¿Qué es mejor, llorar o no?
«Saber cuándo, cuánto, cómo, porqué y para qué se llora es una ambición que escapa a las capacidades humanas»
Yo fui educado, como tantos otros de mi generación, bajo el supuesto de que los hombres no lloran. Hacerlo era cosa de niñas, de mujeres, ... de criaturas débiles. Lo debí de aprender bien porque me ha costado siempre dejar correr las lágrimas. Incluso en el presente, cuando lamento haber sido educado bajo ese tipo de discriminaciones, tan androcéntricas y chatas, es difícil que rompa a llorar en privado y casi imposible que suceda en público. Al menos hasta el momento. Aunque no atribuyo esta continencia a una frialdad especial o a un exceso de control, sino a una mezcla de educación, carácter y suerte en la vida, que solo me ha castigado con las justas desgracias.
Ahora, en cambio, cuando las cosas ya son muy distintas, y los hombres sollozan como las mujeres y las mujeres como los hombres, si lo pienso me asaltan dos preguntas. La primera me sirve para cuestionar si es mejor que suceda así, que todo el mundo llore y todos por igual, o sería aún mejor que ninguno llorase o llorase lo mínimo. La segunda cuestión no es menos imprecisa que la anterior y, puesto que debemos de llorar, se interroga sobre cómo, cuándo y porqué lo hacemos.
Lo sobresaliente y cómodo de algunas preguntas estriba en que no admiten respuesta. Son preguntas condescendientes y abiertas. Saber cuándo, cuánto, cómo, porqué y para qué se llora es una ambición que escapa a las capacidades humanas. Además, no hace falta conocerlo para que podamos seguir llorando cuando a la cabeza, a los nervios o a los ojos les plazca. Las lágrimas se explican por sí mismas y desprecian los argumentos racionales. De hecho, son líquidas e irracionales o, al menos, a-racionales. No piensan en nada. Brotan si les da la gana. No piden permiso a nadie. Incluso cuando decimos de alguien que supo contener las lágrimas, en realidad queremos decir que si no lloró fue porque las lágrimas no quisieron venir a sus ojos o porque no las necesitaba. Aunque nosotros para explicarlo y defender la libre decisión intentemos anteponer nuestra voluntad a todo cuanto nos pasa.

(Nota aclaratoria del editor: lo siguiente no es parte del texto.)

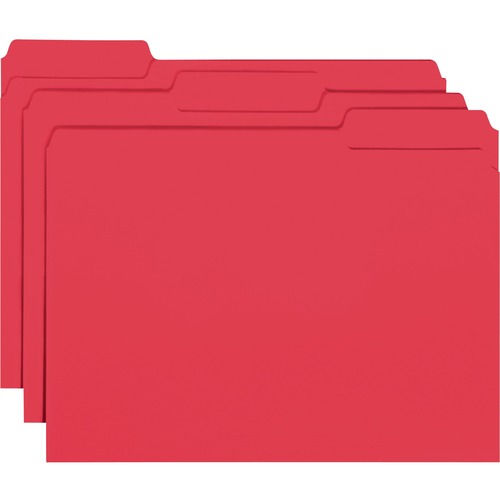 Interior File Folders, 1/3 Cut Top Tab, Letter, Red, 100/box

Es cierto que, como sucede ante cualquier reacción espontánea, podemos intentar educarlas. Hay una margen de maniobra. Hay quien aprende a llorar hasta sin ganas. Y quien sabe dar un empujón a la primera gota para que escurran a borbotones por la cara. A consecuencia de este aprendizaje distinguimos precisamente entra llanto, llantinas y lloriqueos, logrando diferencias descriptivas muy sabrosas que nos ayudan a conocer el pellizco de verdad que la gente esconde por dentro.

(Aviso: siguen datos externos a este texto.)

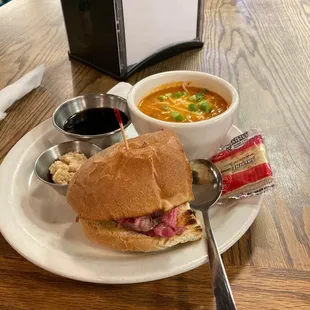  a sandwich and soup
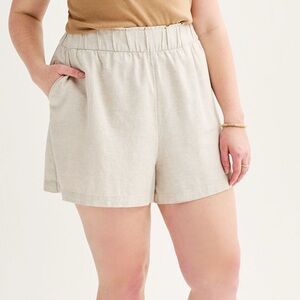 Sonoma femme linen blend Beige Casual Shorts size 3X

En realidad, si la incertidumbre nos asalta en materia de lágrimas es porque en última instancia son un arma. Una artillería infantil que el niño dispara en cuanto algo se le atraganta, y que el adulto aprende a dirigir con más industria, cálculo y celo. Un arma peligrosa, por lo tanto, que apunta directamente al corazón del ciudadano.